OS is now 5.2.4.1. It came out today (apparently) and the Home screen is a bit different.

https://www.amazon.com/gp/help/customer/display.html?nodeId=201497590

Take a look if you get a chance.


----------



## Atunah (Nov 20, 2008)

Insteresting. Installing it right now, might take a while.  

eta: Got the update, but I am not seeing the Recommended by Your Apps row as it says I should have. Went all the way down, not there. All the rows shown are the way they were before. Hmm. 

At least I have the data monitoring. I turned it on and it already shows last month and current usage month, so it back tracks. I checked amazon vidwo and it shows 170GB for last month  

I thought that was bad, then I checked my TennisTV app and I watched 383GB of tennis last month    
It sorts them in order of most used. What this is useful for is for those that pay for more than one service and then you can see what you actually use it each month, based on data. And maybe decide some aren't worth it if you always use the same service. This I really like. 
But holy moly some of these numbers. Glad so far Uverse doesn't have a cap on usage. We are not big users, so not sure how I would do with a cap. Does anyone have caps anymore?


----------



## Betsy the Quilter (Oct 27, 2008)

Oooh...  will have to check it out!  Thanks.

Betsy


----------



## MichelleB675 (May 27, 2012)

I got the update a few days ago. The home screen is nice, hubby hates it, he doesn't like change lol.

Atunah, yeah we have a cap of 250gb with Suddenlink. Some months we don't stream much, but some we do and come close to going over.  I always hate it when I get the warning email and spend the rest of the month afraid to stream anything. What bugs me the most is for years we had no limit at all, they just started doing it 2-3 years ago.


----------



## Atunah (Nov 20, 2008)

I wouldn't even make it through a month just watching tennis with 250GB.  
Its because the streams get bigger and better so use much more data. Tennis is just now at the point where I can watch it on the TV streaming. 

I still don't have the recommended stuff in your apps on my home page anywhere.
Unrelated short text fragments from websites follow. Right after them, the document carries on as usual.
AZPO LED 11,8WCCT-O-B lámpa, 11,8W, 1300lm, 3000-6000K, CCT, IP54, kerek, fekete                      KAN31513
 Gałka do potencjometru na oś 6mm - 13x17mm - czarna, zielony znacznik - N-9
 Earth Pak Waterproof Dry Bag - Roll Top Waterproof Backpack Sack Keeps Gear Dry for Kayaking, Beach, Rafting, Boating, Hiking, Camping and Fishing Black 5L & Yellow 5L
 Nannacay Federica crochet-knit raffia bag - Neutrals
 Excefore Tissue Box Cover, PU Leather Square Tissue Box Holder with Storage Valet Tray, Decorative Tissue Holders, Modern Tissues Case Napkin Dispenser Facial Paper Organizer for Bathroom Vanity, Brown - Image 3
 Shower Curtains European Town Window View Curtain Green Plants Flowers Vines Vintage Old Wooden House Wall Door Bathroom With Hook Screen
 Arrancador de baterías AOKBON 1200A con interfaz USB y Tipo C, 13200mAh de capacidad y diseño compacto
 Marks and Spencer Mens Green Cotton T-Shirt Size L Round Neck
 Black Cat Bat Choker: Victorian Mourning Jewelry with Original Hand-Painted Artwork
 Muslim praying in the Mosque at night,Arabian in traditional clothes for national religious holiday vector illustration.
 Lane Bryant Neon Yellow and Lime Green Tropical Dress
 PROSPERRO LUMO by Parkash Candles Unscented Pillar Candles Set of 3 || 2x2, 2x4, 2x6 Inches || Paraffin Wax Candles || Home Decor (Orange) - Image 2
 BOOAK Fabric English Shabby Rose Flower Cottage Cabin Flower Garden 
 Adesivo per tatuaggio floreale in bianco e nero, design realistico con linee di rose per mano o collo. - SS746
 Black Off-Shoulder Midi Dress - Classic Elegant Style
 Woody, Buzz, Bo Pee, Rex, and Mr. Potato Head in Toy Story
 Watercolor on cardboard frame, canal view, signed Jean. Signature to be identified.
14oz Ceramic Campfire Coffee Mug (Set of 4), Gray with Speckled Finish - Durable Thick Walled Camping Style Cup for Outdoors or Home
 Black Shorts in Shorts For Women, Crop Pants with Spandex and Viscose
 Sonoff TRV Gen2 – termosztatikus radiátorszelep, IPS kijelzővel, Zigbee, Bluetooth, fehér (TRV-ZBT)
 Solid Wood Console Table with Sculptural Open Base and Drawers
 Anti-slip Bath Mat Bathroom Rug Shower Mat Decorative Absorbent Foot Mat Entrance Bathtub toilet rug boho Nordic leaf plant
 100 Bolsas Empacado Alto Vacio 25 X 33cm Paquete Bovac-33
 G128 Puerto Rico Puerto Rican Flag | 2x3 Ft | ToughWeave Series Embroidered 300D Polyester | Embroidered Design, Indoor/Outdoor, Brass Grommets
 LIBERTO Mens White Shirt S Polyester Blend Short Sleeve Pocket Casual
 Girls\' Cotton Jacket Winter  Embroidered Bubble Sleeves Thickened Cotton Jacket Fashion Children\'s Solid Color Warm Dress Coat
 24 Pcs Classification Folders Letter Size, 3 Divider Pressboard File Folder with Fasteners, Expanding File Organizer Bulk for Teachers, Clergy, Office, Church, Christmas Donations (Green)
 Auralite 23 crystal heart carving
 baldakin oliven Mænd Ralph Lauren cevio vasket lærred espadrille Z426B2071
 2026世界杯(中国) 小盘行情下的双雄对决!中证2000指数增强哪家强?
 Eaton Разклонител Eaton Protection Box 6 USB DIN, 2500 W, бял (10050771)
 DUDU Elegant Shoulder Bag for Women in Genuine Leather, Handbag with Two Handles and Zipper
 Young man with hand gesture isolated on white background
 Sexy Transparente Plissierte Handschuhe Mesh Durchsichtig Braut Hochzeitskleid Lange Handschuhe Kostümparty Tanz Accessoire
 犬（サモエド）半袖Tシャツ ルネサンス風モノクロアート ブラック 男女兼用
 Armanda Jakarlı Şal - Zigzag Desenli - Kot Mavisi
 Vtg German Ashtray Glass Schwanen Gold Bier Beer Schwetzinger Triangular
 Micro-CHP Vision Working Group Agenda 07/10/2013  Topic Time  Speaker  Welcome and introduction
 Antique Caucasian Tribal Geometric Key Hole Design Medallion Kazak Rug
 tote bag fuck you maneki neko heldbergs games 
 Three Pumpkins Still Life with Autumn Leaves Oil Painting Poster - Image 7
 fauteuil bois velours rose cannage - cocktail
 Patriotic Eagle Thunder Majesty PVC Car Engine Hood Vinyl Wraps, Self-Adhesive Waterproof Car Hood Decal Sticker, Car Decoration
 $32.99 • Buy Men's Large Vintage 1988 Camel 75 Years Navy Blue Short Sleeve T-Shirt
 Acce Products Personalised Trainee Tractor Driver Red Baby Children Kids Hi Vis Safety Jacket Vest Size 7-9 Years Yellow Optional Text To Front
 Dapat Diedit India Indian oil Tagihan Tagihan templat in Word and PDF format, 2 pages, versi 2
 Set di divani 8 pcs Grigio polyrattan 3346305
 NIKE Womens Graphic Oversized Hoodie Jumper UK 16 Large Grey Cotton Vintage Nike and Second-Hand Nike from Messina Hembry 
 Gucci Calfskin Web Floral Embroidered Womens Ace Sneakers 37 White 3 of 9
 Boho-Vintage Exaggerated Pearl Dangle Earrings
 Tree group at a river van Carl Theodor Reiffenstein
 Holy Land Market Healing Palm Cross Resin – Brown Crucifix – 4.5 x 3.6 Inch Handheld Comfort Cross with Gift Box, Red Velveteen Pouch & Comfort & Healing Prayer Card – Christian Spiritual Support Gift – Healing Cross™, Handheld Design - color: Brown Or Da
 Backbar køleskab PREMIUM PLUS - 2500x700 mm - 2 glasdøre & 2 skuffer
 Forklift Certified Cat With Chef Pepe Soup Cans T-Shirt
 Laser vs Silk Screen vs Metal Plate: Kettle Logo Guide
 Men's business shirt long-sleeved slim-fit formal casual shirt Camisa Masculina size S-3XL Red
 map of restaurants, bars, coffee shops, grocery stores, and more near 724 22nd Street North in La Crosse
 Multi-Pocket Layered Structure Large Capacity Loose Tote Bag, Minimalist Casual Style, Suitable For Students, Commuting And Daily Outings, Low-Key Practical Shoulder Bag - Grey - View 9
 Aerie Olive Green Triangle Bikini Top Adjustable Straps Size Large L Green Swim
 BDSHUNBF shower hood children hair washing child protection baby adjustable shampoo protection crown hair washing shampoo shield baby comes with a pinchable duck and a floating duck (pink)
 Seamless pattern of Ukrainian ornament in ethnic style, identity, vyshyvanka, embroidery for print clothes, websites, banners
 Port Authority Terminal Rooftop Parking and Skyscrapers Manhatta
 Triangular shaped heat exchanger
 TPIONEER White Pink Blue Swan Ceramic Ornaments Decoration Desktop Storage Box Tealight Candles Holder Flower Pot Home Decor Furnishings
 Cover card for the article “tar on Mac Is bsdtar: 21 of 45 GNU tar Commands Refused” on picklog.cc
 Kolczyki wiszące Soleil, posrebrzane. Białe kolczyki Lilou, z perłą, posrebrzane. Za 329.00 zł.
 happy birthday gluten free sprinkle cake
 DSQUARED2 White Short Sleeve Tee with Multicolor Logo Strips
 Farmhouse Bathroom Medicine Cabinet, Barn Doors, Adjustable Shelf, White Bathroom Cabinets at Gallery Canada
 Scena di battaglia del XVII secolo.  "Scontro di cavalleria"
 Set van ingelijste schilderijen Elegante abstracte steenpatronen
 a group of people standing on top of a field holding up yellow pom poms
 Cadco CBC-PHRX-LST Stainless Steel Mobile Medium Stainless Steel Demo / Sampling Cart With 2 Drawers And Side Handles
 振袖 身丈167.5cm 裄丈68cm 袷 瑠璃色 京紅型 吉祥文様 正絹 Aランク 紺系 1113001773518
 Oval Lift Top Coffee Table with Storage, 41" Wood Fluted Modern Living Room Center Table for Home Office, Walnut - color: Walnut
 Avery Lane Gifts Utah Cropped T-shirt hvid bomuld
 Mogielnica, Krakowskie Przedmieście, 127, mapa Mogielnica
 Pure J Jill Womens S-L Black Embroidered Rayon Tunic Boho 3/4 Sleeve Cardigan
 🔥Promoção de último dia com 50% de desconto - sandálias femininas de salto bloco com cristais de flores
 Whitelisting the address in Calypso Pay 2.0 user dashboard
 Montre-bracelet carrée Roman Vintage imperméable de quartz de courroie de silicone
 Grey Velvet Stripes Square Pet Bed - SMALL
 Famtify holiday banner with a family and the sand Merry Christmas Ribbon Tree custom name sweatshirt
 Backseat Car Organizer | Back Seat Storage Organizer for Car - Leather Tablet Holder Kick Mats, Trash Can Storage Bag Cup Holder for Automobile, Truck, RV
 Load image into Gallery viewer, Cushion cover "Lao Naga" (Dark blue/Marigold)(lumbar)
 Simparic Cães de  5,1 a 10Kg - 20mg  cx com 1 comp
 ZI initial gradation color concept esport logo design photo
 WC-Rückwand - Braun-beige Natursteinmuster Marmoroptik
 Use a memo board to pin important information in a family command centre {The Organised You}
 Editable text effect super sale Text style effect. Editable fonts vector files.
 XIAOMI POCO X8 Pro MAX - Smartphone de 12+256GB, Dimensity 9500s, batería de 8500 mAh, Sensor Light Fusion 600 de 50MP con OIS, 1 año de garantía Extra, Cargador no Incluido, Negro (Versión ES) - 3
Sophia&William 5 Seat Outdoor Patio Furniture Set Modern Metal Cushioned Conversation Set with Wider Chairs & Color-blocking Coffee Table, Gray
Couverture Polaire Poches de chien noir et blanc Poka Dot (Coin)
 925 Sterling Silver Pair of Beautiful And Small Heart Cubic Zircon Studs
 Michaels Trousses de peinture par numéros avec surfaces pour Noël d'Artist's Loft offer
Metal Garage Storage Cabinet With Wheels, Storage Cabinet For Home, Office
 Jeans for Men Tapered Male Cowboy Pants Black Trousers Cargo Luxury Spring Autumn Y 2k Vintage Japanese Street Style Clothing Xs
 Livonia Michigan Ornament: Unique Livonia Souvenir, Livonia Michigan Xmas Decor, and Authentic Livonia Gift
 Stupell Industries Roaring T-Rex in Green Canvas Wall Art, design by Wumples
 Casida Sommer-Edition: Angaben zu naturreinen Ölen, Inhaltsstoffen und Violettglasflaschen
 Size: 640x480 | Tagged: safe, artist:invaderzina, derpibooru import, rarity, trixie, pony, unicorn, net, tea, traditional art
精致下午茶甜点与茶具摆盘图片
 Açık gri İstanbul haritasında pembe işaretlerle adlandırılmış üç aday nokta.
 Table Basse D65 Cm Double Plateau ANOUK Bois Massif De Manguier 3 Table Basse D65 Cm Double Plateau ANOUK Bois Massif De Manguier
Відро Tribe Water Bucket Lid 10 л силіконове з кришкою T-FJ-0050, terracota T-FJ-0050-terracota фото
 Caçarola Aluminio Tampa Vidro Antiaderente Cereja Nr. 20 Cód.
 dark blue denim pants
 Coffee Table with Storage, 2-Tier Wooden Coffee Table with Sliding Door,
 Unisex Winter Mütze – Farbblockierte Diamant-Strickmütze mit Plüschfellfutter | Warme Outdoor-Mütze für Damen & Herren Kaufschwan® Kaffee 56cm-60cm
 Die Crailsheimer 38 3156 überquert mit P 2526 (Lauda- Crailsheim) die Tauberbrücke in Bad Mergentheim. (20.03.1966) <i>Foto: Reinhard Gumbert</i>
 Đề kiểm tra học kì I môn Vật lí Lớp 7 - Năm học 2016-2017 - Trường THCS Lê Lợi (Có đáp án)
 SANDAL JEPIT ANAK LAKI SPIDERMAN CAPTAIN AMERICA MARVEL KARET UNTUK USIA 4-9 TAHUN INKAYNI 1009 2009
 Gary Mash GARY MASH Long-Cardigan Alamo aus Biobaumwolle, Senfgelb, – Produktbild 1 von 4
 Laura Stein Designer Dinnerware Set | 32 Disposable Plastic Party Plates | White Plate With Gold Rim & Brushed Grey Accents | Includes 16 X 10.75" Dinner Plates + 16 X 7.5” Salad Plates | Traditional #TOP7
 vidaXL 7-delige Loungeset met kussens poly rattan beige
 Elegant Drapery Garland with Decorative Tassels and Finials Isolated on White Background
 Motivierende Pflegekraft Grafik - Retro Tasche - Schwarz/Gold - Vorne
I have HBO and Netflix listed separately as recs, but that is not what they said it would be. It said there would be a row from all apps that participate and are installed and you can click to see what app it is from. I don't have that. 

My home screen doesn't really look different than before, besides maybe some rearranged rows. Unless I am missing something.


----------



## Betsy the Quilter (Oct 27, 2008)

I haven't played with it much yet.  My brother said he didn't much like it on the Fire TV stick I gave him.

Betsy


----------